Curieusement, lorsque les annonceurs
cherchent à cibler les plus de 50 ans, ils ne manifestent pas toujours plus de
finesse. Ainsi ils oublient souvent que leur clientèle potentielle porte des
lunettes. De nombreuses pages sont rédigées en petits caractères ou utilisent
des couleurs qui se distinguent mal entre elles.
Surtout,
les annonceurs semblent décidés à ridiculiser leur cible. Un bandeau de la
banque Egg représentait ainsi, il y a quelques années, une hypothétique cliente
sous le jour d’une femme grotesque, portant gants, chapeau et lunettes d’un
autre âge.
Un
spot diffusé actuellement par l’assureur AGF illustre le manque de tact des
agences de publicité et des annonceurs. Une petite fille, accompagnée de ses
parents, pénètrent dans une maison qui semble à l’abandon. Le courrier
s’entasse, les volets sont fermés. La petite fille s’inquiète, appelle
« Mamie ». Les parents se regardent d’un air consterné, et la maman
explique doucement que la grand’mère est « partie pour un long
voyage ».
L’image
suivante montre une jeune sexagénaire, radieuse, sur une île paradisiaque.
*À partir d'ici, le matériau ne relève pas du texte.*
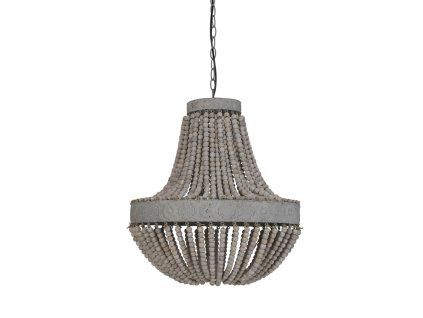 Závesná lampa s korálkami Ø51x63 cm LUNA starobiela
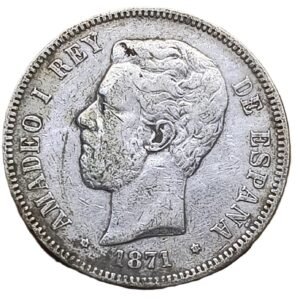5 Pesetas 1871 (18-71) España XF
Le
spot laisse un goût amer. Il a pourtant été conçu afin d’inciter les
quinquagénaires à bien préparer leur retraite. « C’est une erreur
colossale. L’annonceur utilise un code de mort et de tristesse pour parler de
la pleine vie », commente Martial Ducroux, président de CIME, une agence
de conseil en marketing. Il analyse : « L’humour est généralement
difficile à manier. Il fonctionne à partir d’un décalage. Concernant les
seniors, lorsqu’on crée un décalage, on joue sur l’âge, et l’on risque de
choquer.
Jean-Paul Treguer accuse sa propre
profession. « Les publicitaires sont jeunes et fiers de l’être : si
l’on croise dans une agence un type de 40 ans, il doit s’agir d’un visiteur ou
du président de l’agence », assure-t-il. La profession se caractérise en
outre par sa tendance à « être dans l’air du temps, à s’autovaloriser, à
se tenir au courant des dernières modes de sa tribu élitiste parisienne ou
new-yorkaise ».
A son
avis, la création d’un spot anti-vieux est même « une des plus sûres
manières de revenir avec un Lion d’or du Festival international de publicité de
Cannes », qui a lieu tous les ans au mois de juin.
Le
milieu de la publicité ne fait que refléter de manière paroxystique « un
monde hystériquement jeuniste, une société qui refuse de voir son propre vieillissement
et où celui-ci est assimilé à la déchéance et à la mort ». Il
rappelle, en outre, que la notion de « ménagère de moins de 50 ans »,
encore utilisée dans le milieu, a été introduite en… 1951 !
Les
publicitaires ont tort de négliger les sexagénaires, tout simplement parce
qu’ils constituent, dans tous les pays occidentaux, le segment de population le
plus fortuné. Dotés de bonnes retraites, souvent propriétaires, ils savent
consommer et apprécient la qualité des produits de marque. « A 50 ans, conclut
Martial Ducroux, les seniors entrent dans un cycle ; si une marque les fidélise,
ils peuvent rester clients pendant longtemps ».